Search code examples
pythonalgorithmperformancedictionaryhashtable

Why items method for dictionary is so much faster than a straightforward iteration?


I'm practicing on LeetCode and came across this problem. I'm just learning algorithms and data structures in python, so don't know much about how some built-in methods are implemented and so my initial attempt was (python code)

return [num for num in Counter(nums) if Counter(nums)[num] == 1]

but it would take the entire 12.82 seconds to run on this testcase. On the other hand, there is a very similar one liner in discussions

return [c[0] for c in Counter(nums).items() if c[1] == 1]

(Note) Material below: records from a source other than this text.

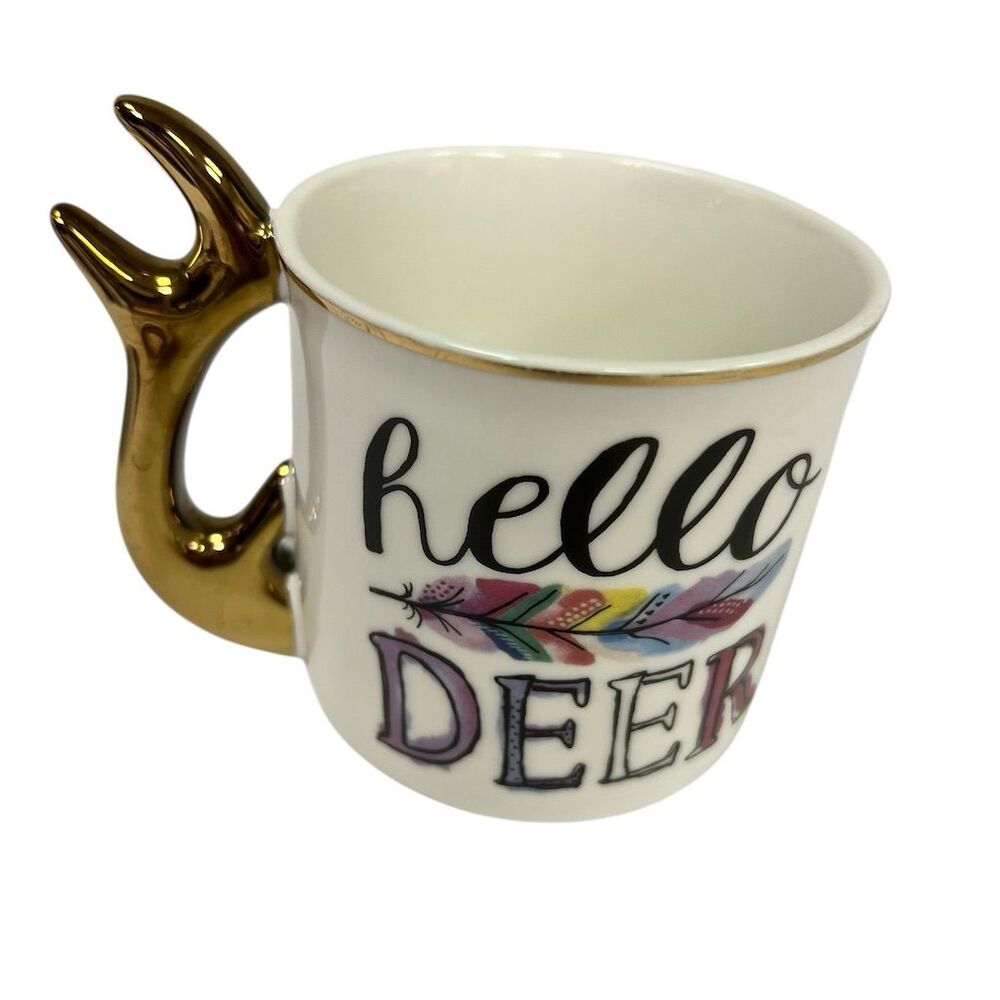 Jessica Flick "Hello Deer" Coffee Mug with Gold Antler Handle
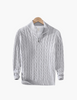 Cable-knit trucker-neck sweater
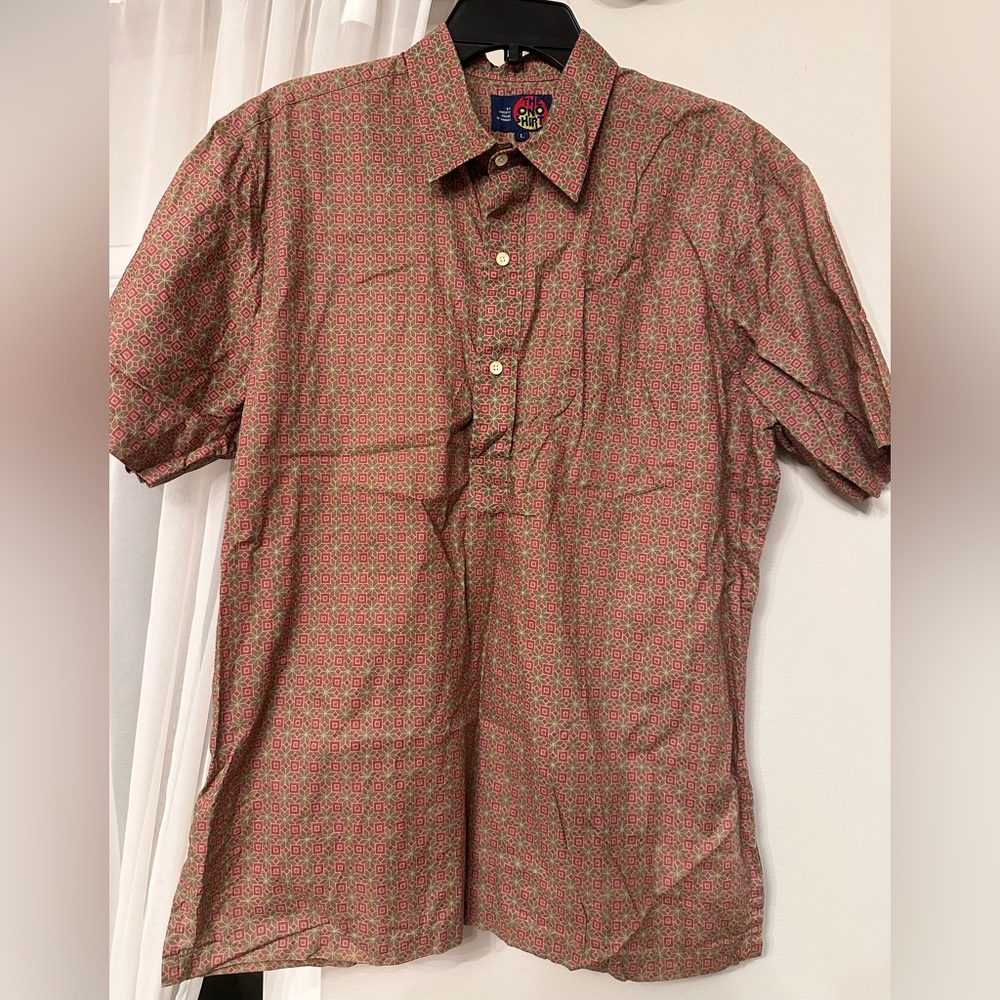 Olive & Pink Geometric Short-Sleeve Shirt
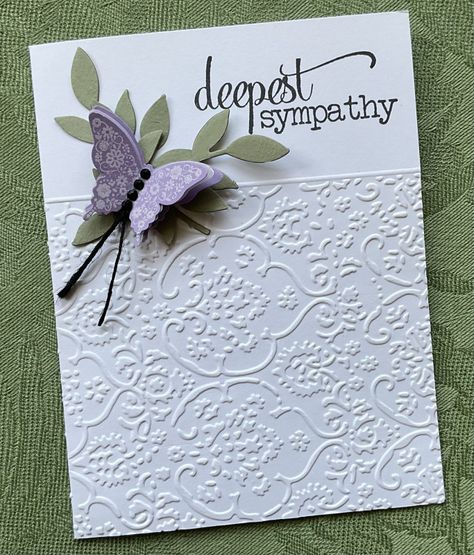 Sympathy Cards Su, Embossed Cards Handmade Cardmaking, Butterfly Cards Ideas, Elegant Cards Handmade, Homemade Sympathy Cards, Sympathy Cards Stampin Up Ideas, Toddler Halloween Crafts, Butterfly Cards Handmade, Embossed Cards Handmade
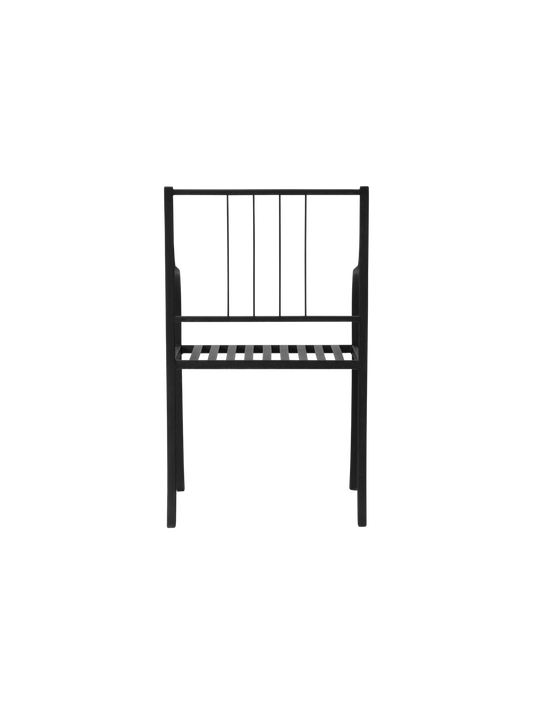Bloss Garden Dining Armchair in black steel shown from a rear view, highlighting its vertical slat back.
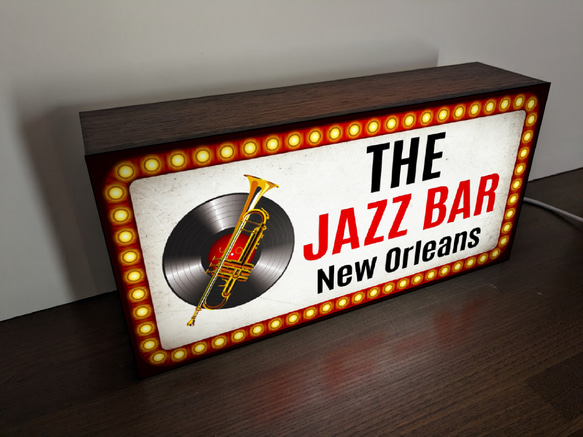 【Lサイズ】ジャズ JAZZ BAR ニューオリンズ ジャズ喫茶 ライブ サイン ランプ 看板 置物 雑貨 ライトBOX 3枚目の画像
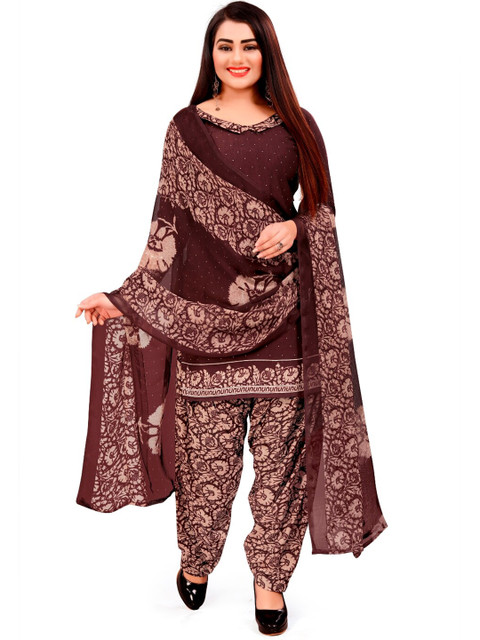

INDIAN HERITAGE Women Brown & Beige Printed Unstitched Dress Material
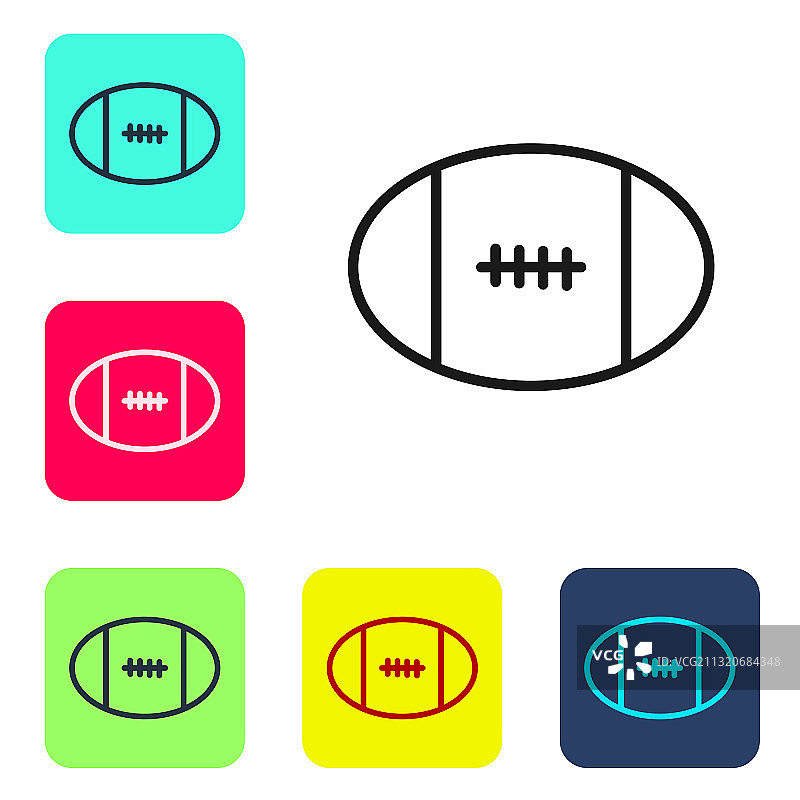 黑色线条橄榄球图标，白色背景图片素材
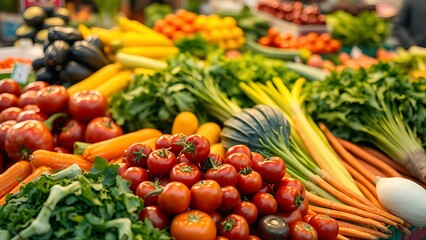 Vibrant fresh vegetables neatly arranged at a market stall, highlighting natural colors and textures.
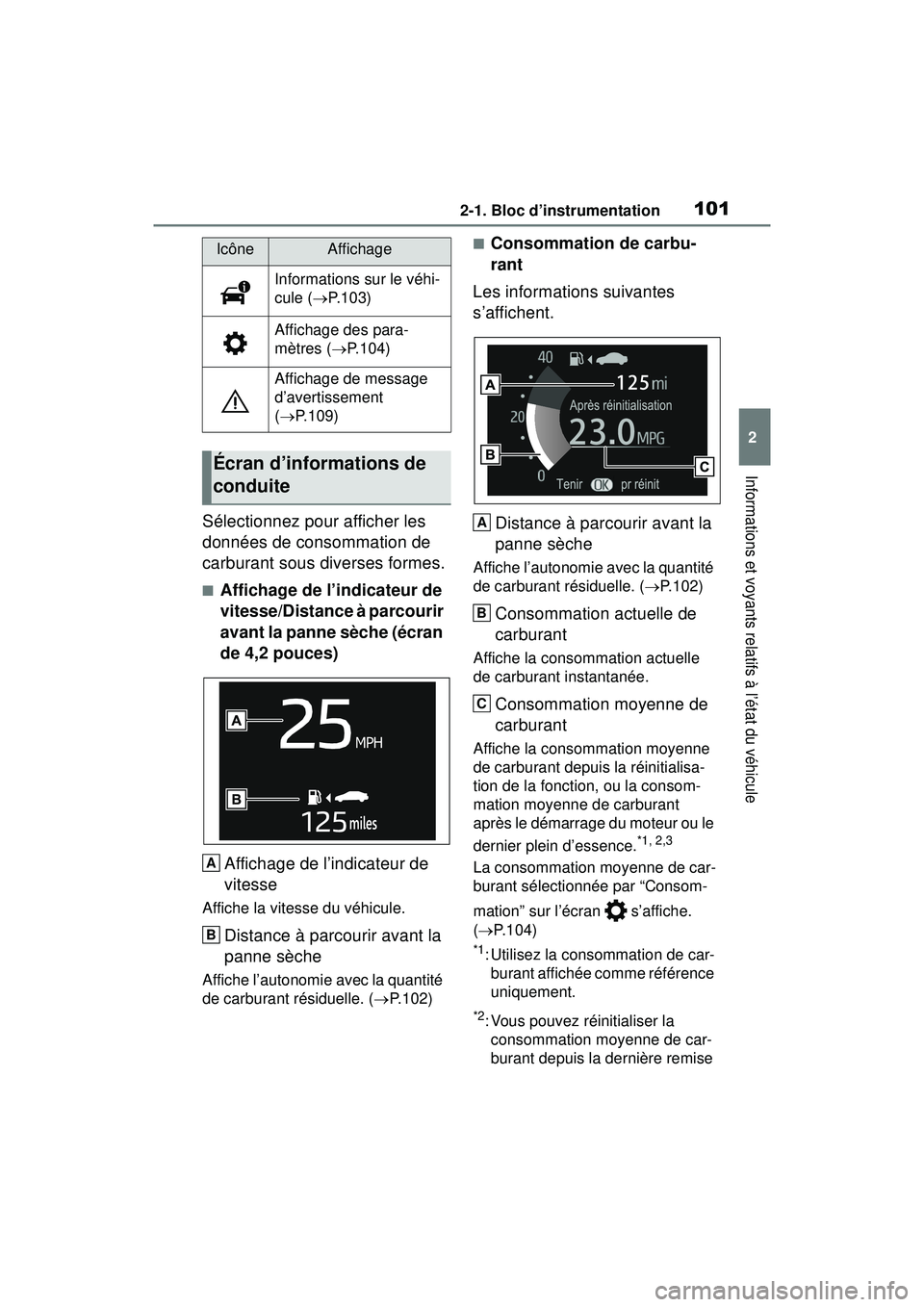 TOYOTA RAV4 2020  Manuel du propriétaire (in French) 1012-1. Bloc d’instrumentation
2
Informations et voyants relatifs à l’état du véhicule
Sélectionnez pour afficher les 
données de consommation de 
carburant sous diverses formes.
■Affichage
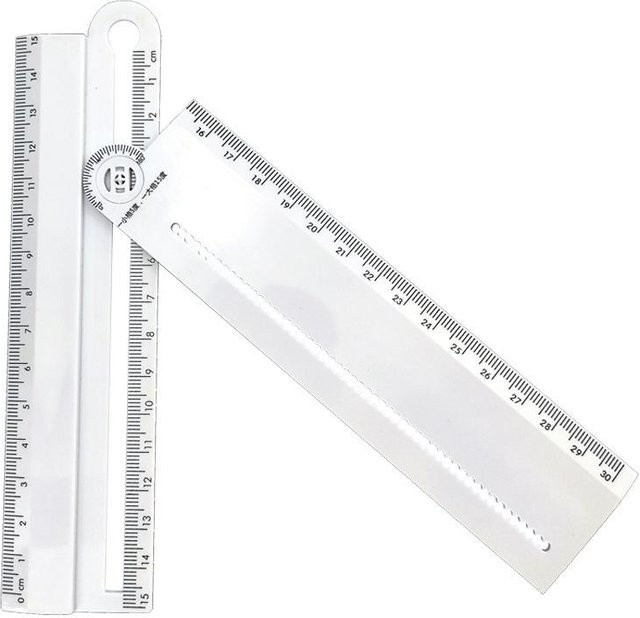 Multifunktionales geometrisches Zeichenlineal von Love Home Garden, faltbare Mathe-Schablone mit Kreisen und Winkeln, transparent - Bild 1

which utilizes the same idea but runs much faster, the aforementioned testcase took only 0.0022 seconds. Why is there such a difference in runtime?


Solution

  • The issue with this code:

    return [num for num in Counter(nums) if Counter(nums)[num] == 1]
    

    is that for each num in Counter(nums), you have to create a new Counter(nums) to determine if the if condition is true or false. By using Counter(nums).items() in the second version:

    return [c[0] for c in Counter(nums).items() if c[1] == 1]
    

    You have access to the number and its count already so there is no need to re-compute the count for each number.

    Note I would write the comprehension as

    return [num for num, count in Counter(nums).items() if count == 1]
    

    to make it a bit more obvious how it works.